One of the SQL queries that the EF generates is having a behavior that I cannot explain.
The query is like this:
SELECT tableA.field1, tableA.field2, ...
FROM tableA join tableB on tableA.field1 = tableB.field1
WHERE
tableA.field2 > '20110825'
and tableA.field3 in ('a', 'b', 'c,')
and tableB.field4 = 'xxx'
Where tableA.field2 is datetime not null, and the other fields are varchars.
tableA contains circa 1.5 million records, tableB contains circa 2 million records, and the query returns 1877 rows.
The problem is, it returns them in 86 seconds, and that time changes dramatically when I change the ‘20110825’ literal to older values.
For instance if I put ‘20110725’ the query returns 3483 rows in 35 milliseconds.
I found out in the execution plan that the difference between the two lies in the indexes SQL Server chooses to use depending on the date used to compare.
When it is taking time, the execution plan shows:
- 50%: index seek on tableA.field2 (it’s a clustered index on this field alone)
- 50%: index seek on tableB.field1 (non-unique, non-clustered index on this field alone)
- 0%: join
When it is almost instantaneous, the execution plan shows:
- 98%: index seek on tableA.field1 (non-unique, non-clustered index on this field alone)
- 2%: index seek on tableB.field1 (non-unique, non-clustered index on this field alone)
- 0%: join
So it seems to me that the decision of the optimizer to use the clustered index on tableA.field2 is not optimal.
Is there a flaw in the database design? In the SQL query?
Can I force in any way the database to use the correct execution plan?

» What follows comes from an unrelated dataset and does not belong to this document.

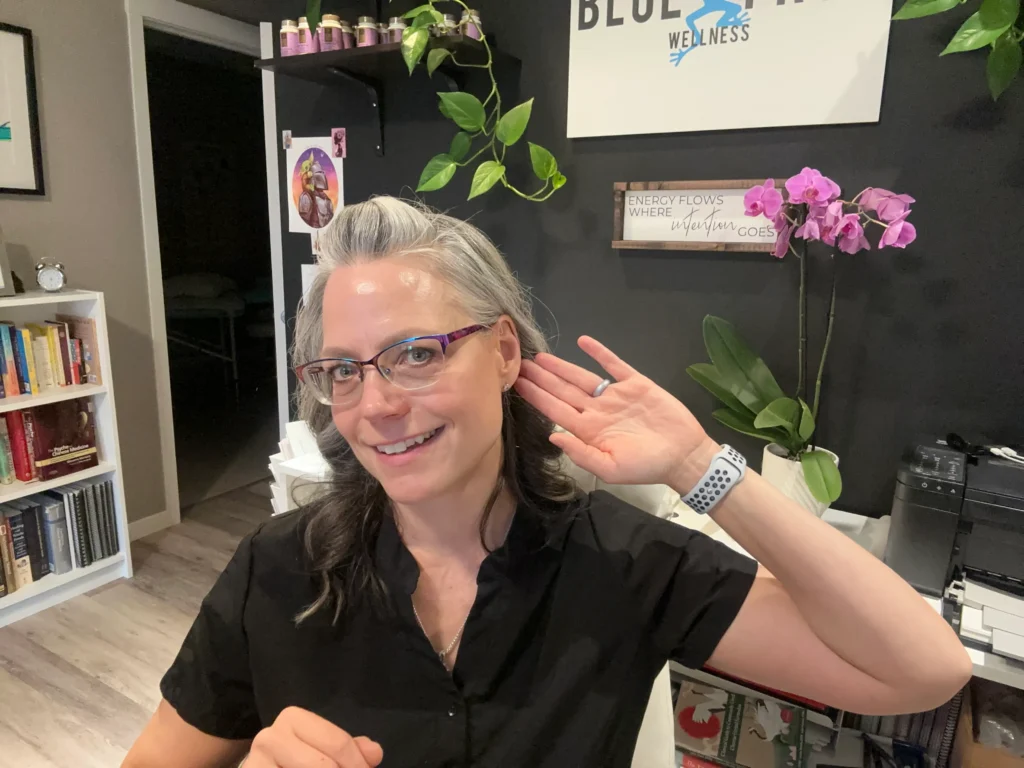 Vanessa Ebertz showing ear seeds as part of auricular acupuncture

Given that you are using literal values and are only encountering the issue with recent date strings I would suspect you are hitting the issue described here and need to schedule a job to update your statistics.
Presumably when they were last updated there were few or no rows meeting the
'20110825'criteria and SQL Server is using a join strategy predicated on that assumption.